“When in doubt, have a man come through the door with a gun in his hand” – so said Raymond Chandler, doyen in his day of the hard-boiled detective fiction short story and novel, many of which were made into films.
The Big Sleep, Farewell, My Lovely and The Lady in the Lake are perhaps three of the better known novels which made it to the big screen. He also wrote the screenplay for the original Blue Dahlia.
Sneered at by literary critics who looked down their noses at what they termed “pulp fiction” Chandler, a highly educated man, strongly defended the genre thus: “When a book, any sort of book, reaches a certain intensity of artistic performance, it becomes literature. That intensity may be a matter of style, situation, character, emotional tone, or idea, or half a dozen other things. It may also be a perfection of control over the movement of a story similar to the control a great pitcher has over the ball.”

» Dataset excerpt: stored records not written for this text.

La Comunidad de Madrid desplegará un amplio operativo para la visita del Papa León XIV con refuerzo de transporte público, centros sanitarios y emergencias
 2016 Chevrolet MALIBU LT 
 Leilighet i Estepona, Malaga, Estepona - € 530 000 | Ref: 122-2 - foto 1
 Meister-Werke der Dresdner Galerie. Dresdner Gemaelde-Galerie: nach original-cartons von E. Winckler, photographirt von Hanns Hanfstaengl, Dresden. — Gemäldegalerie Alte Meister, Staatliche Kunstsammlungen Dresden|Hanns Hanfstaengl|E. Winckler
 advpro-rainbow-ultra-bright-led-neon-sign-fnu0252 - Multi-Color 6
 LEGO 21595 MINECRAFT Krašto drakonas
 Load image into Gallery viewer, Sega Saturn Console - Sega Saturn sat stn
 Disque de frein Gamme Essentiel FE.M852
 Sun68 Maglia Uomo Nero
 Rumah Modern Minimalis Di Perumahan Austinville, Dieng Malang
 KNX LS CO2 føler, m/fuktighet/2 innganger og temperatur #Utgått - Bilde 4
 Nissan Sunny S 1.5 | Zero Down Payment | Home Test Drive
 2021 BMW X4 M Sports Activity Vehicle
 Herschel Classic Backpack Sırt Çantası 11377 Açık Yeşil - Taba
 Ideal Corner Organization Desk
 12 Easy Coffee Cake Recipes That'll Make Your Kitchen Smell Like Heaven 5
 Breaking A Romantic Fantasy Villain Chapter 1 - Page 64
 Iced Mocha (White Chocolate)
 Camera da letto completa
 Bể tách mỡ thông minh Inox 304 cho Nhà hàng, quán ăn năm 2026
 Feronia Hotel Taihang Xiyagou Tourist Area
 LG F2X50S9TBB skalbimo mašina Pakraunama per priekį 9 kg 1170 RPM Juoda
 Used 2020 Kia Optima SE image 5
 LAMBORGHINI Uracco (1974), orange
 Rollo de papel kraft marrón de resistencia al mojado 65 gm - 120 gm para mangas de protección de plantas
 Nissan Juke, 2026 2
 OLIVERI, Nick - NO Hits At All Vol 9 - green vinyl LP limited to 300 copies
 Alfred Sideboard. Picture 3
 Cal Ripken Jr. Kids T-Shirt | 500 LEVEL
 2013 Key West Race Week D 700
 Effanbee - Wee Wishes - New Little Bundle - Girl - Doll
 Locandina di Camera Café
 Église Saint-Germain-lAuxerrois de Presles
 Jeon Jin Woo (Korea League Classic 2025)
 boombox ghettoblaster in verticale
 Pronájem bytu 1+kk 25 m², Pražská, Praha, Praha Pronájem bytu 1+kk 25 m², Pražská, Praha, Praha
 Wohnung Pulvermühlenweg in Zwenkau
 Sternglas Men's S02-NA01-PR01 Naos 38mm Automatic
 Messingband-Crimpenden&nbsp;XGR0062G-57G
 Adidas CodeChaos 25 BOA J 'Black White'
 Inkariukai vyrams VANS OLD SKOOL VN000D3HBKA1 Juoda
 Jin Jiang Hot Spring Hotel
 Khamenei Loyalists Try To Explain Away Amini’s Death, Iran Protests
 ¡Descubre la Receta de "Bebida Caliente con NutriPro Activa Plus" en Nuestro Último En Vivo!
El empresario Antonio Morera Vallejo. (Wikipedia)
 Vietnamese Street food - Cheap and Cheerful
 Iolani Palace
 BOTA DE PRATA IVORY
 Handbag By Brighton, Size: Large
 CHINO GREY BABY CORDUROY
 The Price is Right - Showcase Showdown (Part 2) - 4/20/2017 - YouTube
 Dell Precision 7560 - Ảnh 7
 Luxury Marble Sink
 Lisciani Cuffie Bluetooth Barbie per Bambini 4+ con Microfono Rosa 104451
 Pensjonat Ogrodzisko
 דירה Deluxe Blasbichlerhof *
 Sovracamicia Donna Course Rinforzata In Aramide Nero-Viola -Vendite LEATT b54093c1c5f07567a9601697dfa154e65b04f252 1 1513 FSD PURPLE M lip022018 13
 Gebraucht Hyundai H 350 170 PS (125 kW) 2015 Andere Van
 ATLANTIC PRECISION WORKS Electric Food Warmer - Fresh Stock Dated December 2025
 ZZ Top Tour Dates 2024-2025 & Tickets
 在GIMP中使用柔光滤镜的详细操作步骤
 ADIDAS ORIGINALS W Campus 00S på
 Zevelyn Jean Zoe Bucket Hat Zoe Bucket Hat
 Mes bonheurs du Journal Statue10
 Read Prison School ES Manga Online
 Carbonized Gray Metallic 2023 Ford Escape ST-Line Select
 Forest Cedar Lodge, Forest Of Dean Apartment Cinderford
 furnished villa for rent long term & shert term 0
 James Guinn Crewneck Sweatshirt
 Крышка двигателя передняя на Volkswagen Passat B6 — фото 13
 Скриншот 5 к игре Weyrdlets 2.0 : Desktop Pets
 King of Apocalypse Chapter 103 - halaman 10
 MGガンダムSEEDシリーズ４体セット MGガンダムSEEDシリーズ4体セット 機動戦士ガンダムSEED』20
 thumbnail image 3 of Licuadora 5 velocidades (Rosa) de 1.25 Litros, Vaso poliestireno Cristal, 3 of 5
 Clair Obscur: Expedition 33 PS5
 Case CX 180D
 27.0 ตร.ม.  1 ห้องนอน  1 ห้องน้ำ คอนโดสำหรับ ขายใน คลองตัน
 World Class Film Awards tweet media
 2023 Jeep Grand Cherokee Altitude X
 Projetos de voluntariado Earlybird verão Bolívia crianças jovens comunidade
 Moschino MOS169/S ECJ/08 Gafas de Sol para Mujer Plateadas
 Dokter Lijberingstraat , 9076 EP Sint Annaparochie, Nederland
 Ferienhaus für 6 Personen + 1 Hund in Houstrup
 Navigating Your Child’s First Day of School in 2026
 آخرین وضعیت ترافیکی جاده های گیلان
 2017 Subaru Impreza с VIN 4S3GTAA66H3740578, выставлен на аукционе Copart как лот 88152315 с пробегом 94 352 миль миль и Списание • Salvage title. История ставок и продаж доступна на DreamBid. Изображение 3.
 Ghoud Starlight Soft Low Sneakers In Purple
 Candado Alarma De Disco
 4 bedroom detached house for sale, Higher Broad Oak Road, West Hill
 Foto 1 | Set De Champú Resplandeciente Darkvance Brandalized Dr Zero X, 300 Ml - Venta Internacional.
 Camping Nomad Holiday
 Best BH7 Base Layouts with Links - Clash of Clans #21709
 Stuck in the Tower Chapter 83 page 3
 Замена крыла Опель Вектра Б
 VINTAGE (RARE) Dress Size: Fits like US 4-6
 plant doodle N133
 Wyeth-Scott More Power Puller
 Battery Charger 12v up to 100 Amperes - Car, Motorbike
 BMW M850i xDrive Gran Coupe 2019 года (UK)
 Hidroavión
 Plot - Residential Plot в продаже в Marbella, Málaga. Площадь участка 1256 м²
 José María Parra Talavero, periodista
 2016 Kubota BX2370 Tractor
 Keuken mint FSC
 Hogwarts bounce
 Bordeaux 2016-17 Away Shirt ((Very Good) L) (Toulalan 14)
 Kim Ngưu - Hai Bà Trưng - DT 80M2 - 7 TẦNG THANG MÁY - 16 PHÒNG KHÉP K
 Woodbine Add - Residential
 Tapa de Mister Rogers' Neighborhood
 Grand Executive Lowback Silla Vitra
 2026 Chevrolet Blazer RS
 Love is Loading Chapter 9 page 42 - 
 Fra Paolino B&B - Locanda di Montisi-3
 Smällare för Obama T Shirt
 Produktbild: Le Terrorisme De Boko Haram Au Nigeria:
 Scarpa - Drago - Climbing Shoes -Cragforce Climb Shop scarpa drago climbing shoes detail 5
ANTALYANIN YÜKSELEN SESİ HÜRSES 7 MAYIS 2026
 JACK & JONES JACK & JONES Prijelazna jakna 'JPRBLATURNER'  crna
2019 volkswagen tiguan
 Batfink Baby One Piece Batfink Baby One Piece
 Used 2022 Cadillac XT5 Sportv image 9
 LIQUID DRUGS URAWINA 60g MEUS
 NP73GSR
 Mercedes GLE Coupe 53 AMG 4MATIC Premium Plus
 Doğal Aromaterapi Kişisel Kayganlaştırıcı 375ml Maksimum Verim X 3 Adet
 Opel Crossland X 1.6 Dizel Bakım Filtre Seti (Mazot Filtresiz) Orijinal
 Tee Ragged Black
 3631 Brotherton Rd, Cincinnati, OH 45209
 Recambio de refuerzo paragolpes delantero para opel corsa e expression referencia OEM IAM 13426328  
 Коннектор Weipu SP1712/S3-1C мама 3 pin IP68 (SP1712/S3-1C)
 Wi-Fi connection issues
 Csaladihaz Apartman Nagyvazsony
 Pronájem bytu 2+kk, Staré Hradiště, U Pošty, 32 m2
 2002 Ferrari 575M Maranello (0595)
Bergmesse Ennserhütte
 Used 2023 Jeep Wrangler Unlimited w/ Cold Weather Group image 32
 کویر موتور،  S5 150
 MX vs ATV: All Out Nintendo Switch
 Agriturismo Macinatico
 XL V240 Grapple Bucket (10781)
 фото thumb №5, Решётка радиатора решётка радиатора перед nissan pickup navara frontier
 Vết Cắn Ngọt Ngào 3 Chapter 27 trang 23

Now the classic hard-boiled detective novel is usually a gritty detective story with a street smart professional investigator at its core and generally set in a world permeated by violence and corruption. Hard core biker fiction is much less formulaic, but the better stories are always gritty, with violence and corruption never far away.
However, if instead of having a trench coat and hat wearing detective as the protagonist, you have a chopper rider, “… a life-long biker. He wore Wrangler jeans and shit-brown Justin cowboy boots with ‘In The Wind’ stitched in the oil stained flanks and a weakness for redheads”, you have a central character sure to stir the blood of any biker worth his salt.
Now put him in a fast paced tale involving murder, treachery, questionable cops and more than a few fast and loose women ready to abandon sexual restraint in order to please their man, and you have a read that is damned difficult to put down. From its opening pages to the twisted climax this book will keep you guessing as you take a loud and fast ride through the violent underworld inhabited by Chance Hogan.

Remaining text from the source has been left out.